Now let me sing the virtues of the greatest businessman-balladeer on the northern plains, Walter Hard, of Judith Gap, Montana. Walter was an oldtime cowboy of the open range who, once the day of the great cattle outfits was over, settled in gracefully as a town father. He opened a saloon he named “The Palace Cafe.” He advertised the establishment every week during the early 1900s with display ads in the Judith Gap Journal.

As the name of the saloon, Palace Buffet, intimates, Mr. Hard drew trade to the establishment through that wonderful custom of offering free lunch to midday drinkers. He made the place a pleasant resort by investing in beautiful fixtures, which the local editor praised as “not to be excelled in the state. The mirror, panels, embossing and in fact everything in connection with the interior are beyond compare.”
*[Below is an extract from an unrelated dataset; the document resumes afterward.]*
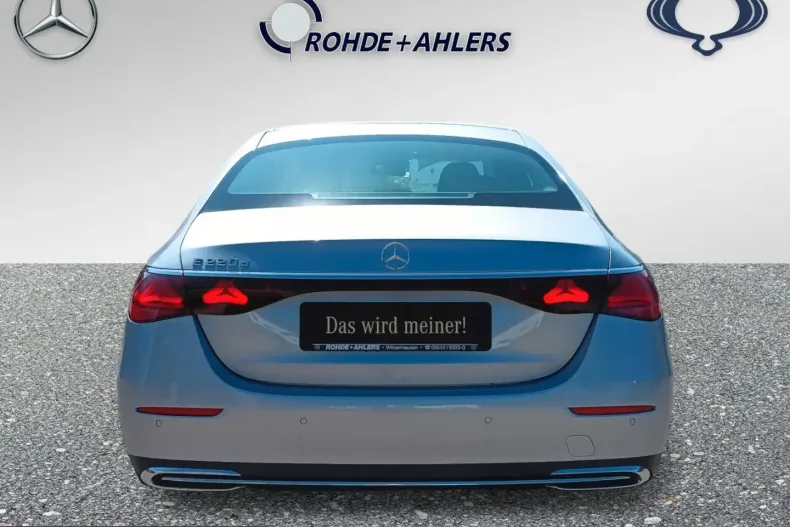 Mercedes-Benz E 220 (Clasa E) din 2023 cu 43.600 km - oferta MER212739 - foto 4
All of which did not mean Hard was abandoning his roots on the rustic range. Now and then he took time off to ride into the Snowy Mountains and visit old cronies who had settled into small ranches there. Should they venture down to town, Hard advised them, “Plenty of room for everybody in the county when they visit Judith Gap. Don’t forget to see the old range rider when in town.”

Just in case old Walter and his free lunches were not enough attraction, there also was his pet bear, Nellie Bruin, who greeted the public from a pen alongside the saloon. The story, as I piece it together from humorous items in the papers, is that in the fall of 1910, Walter and some of his friends went out into the hills and roped and captured the bear for purposes of exhibition.

So far so good. Walter, in fact, in gratitude to his helpers in the bear venture, served them up a banquet, which the press pronounced “the swellest feast ever served in the district.” It began with oyster cocktails and proceeded through roast duck, roast turkey, plum pudding, and all manner of other trimmings, concluding with Key West cigars and multiple toasts.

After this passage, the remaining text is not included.